• **Instructions for the task**: Your job is to set down the stretch of entries that opens with the line containing "Foresthill 4-pc. Left" and closes with the line containing "OVZME 2 Pack: Basic". Keep both end lines, copy each exactly, and add nothing.

[[ Data provided open ]]

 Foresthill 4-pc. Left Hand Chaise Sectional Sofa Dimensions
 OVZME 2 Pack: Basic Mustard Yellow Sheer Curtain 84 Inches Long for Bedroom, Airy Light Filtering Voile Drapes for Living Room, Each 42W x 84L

[[ Data provided closed ]]
[[ Data provided open ]]

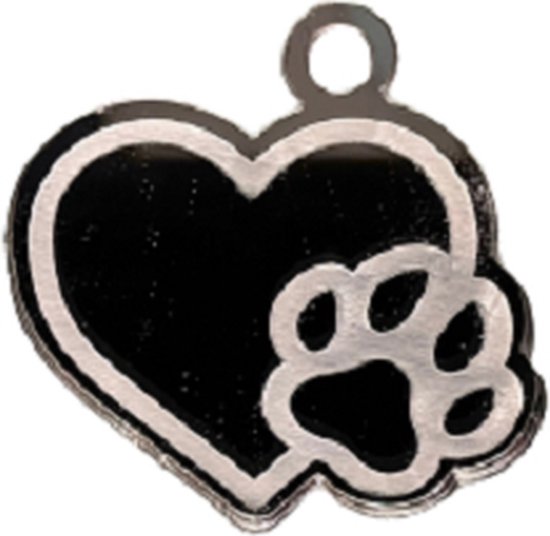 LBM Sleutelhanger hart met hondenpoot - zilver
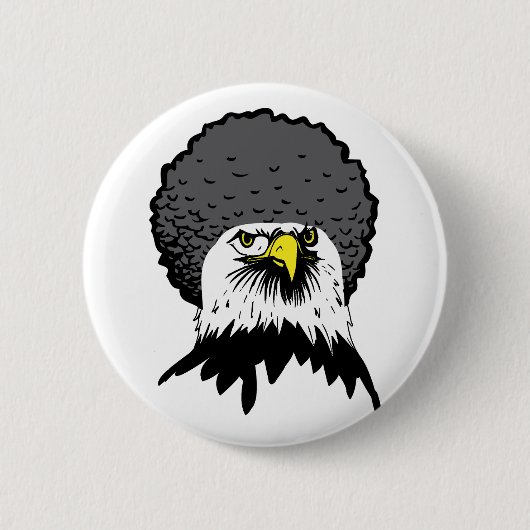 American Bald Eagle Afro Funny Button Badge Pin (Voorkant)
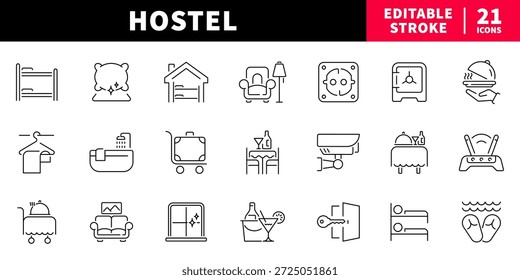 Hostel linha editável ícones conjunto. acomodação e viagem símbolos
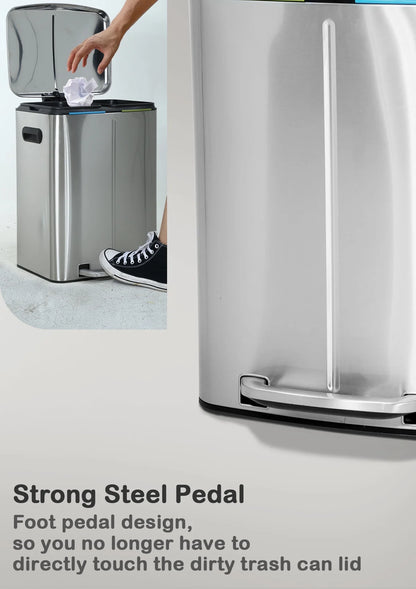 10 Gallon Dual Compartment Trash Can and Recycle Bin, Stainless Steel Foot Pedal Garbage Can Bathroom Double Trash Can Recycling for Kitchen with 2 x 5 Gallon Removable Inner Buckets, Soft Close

[[ Data provided closed ]]

• **Answer below**:
 Foresthill 4-pc. Left Hand Chaise Sectional Sofa Dimensions
 OVZME 2 Pack: Basic Mustard Yellow Sheer Curtain 84 Inches Long for Bedroom, Airy Light Filtering Voile Drapes for Living Room, Each 42W x 84L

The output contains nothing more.